One of the common areas of misunderstanding, and therefore conflict, in financing negotiations has to do with the relationship between the pre-money valuation and the option pool.
Investors want the company to have an adequate option pool for future hiring and it is customary to include the pool in the pre-money valuation. Some entrepreneurs see this as nothing more than a veiled attempt at lowering the value of the company. Well, yes and no. No in that investor aren’t actually lowering the value of the company as the option pool is net new–it comes on top of what they value the company at. Yes in that investors wouldn’t be willing to do a deal at the same pre-money valuation without the option pool. Fred Wilson has a good introductory post on options and valuation, which prompted me to put together this simple valuation calculator.
First, the math, which assumes this is the first round of financing.
Post-Money Valuation = Pre-Money Valuation + Investment Amount Pre-Money Valuation = Founders' Share + Option Pool
In the example above, the deal is “2 on 3 with 20% pool”, which means that the company is worth $2M (the true pre), investors put in $2M and $1M is reserved for the option pool for a post-money valuation of $5M. Investors and founders both own 40% of the company. If there was no option pool, they’d both own 50% and the post-money valuation would be $4M instead of $5M.
Many investors will be happy to invest the same amount of money on a pre-money valuation equal to just the founders’ share without an option pool. Increasing the option pool will dilute both the investor and the founders at the same rate. If the company is aquired, any unused options are typically canceled and this increases everyone’s share. The effect of a founder leaving and the company repurchasing the founder’s unvested shares is similar. In short, changes in the option pool affect everyone the same way.

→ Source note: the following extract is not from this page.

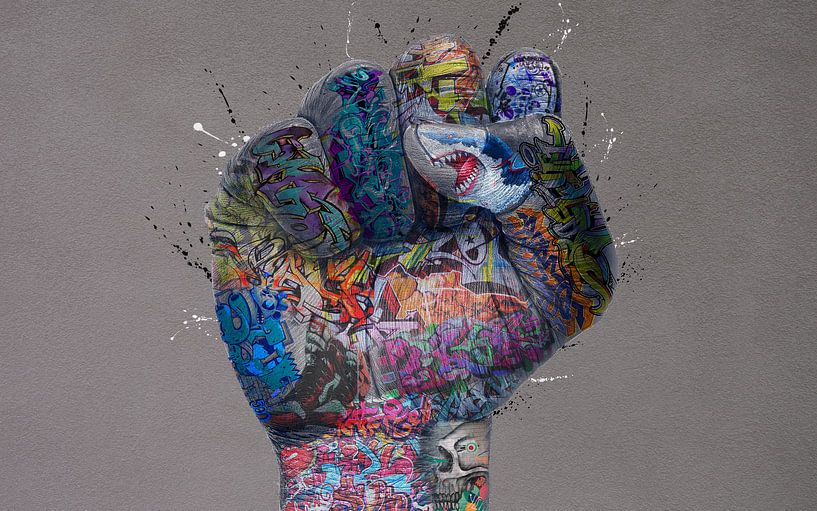 Clenched Graffiti Fist by Rene Ladenius Digital Art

There are several reasons why investors insist on a sometimes large pool of unissued options:
- Deal engineering. It’s true, some investors pad the pre-money with a large option pool and try to sell this to entrepreneurs as their company having a higher value. That’s bull and won’t fly in the end. Even if an entrepreneur doesn’t understand what’s going on, the company’s lawyers will be able to point it out. If they didn’t, fire them.

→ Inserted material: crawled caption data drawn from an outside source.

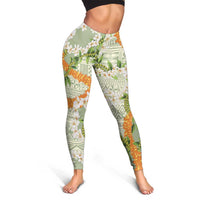 Aloha Festive Hawaii Leggings Mokihana - Maile Leis in Muted Summer - Polynesian Pride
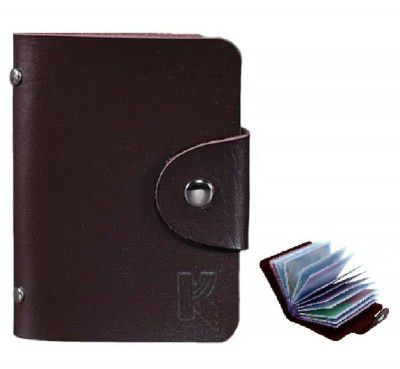 Kraptick 20 Slots Cardholder with Double-Sided Slots, Wallet for Cards with Leather Design (Brown)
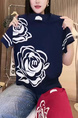 Short-sleeved women's 2025 summer new round neck niche flower letter design T-shirt straight tube slim all-match top trend in Navy Blue and White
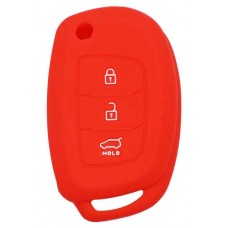 FUNDA DE SILICON PARA CONTROL HYUNDAI de 3 botones con logo Color Rojo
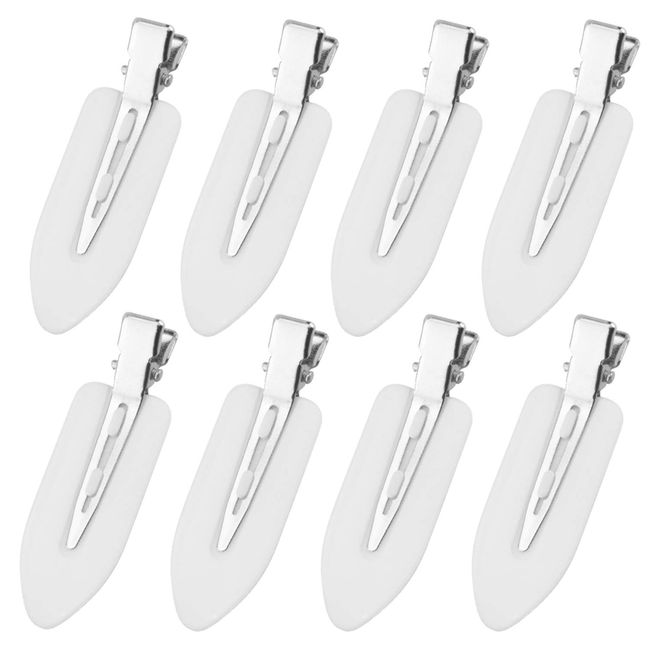 SAVITA 8Pcs No Bend Hair Clips, No Crease Curl Pin Clips Hair Clips Barrettes for Hair Styling, Face Washing, Makeup Application (White)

- Pushing more capital. Sometimes, a large option pool allows an investor to deploy more capital. This works in the case when the investor wants to (a) invest relatively more money into the company and (b) positions that they absolutely must own at least X% of the company. Say, the investor wants 20%. If the company is valued at $10M then the investor would put in $2.5M for a post money of $12.5M ($2.5M / $12.5M = 20%). However, if a 30% option pool is added then the post money will be $20M (the pool will be $6M) and the investor will put in $4M ($1.5M or 60% more than before!). The pre-money would have jumped to $16M. As an entrepreneur, I’d love this. I get more money ($4M as opposed to $2.5M) and I don’t get diluted any further. Well, technically, the true pre-money valuation is a smaller percentage of the total but as long as I don’t waste the option pool, the unused portion will come back.
- Convenience. It is easier for investors to start owning X% and, with a well-padded option pool, know that their ownership percentage is more likely to go up on exit, when unissued options are canceled, as opposed to down, as the option pool is increased. Also, from a board perspective, it is simply easier to not have to grow the pool every few months.

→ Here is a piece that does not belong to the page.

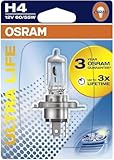 OSRAM H4 Glühlampe Fernscheinwerfer 60/55W Fernlicht Birne 64193ULT-1BL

- Board dynamics. Increasing the option pool requires board approval and in some cases, depending on the rights of the preferred investors, various shareholder votes. When there are multiple investors and/or classes of preferred shareholders, it may be difficult to grow the option pool even for very legitimate reasons. Investors who want companies to be able to appropriately reward employees and others through equity may want to ensure that the option pool is sufficiently large at the point when they have maximum leverage–during a financing. I experienced this situation with a European investment I made. The partner representing the largest existing European VC had a rather limited notion of how much equity it took to motivate management and employees. I negotiated hard to get the maximum increase in the option pool possible (on top of a valuation we had already agreed upon) because I doubted the company’s ability to increase its pool post financing.
In all but the first case above, the company and the investor are more likely to be aligned than not in wanting a meaningful option pool.
I would strongly caution entrepreneurs to be wary of term sheets which give them high percentage ownership with a very small option pool. The pool would have to grow and the ownership stake of the founders will go down (unless they get reloaded from the pool, which is not very common for founders). Comparing term sheets is very difficult but this is an easy thing to watch out for.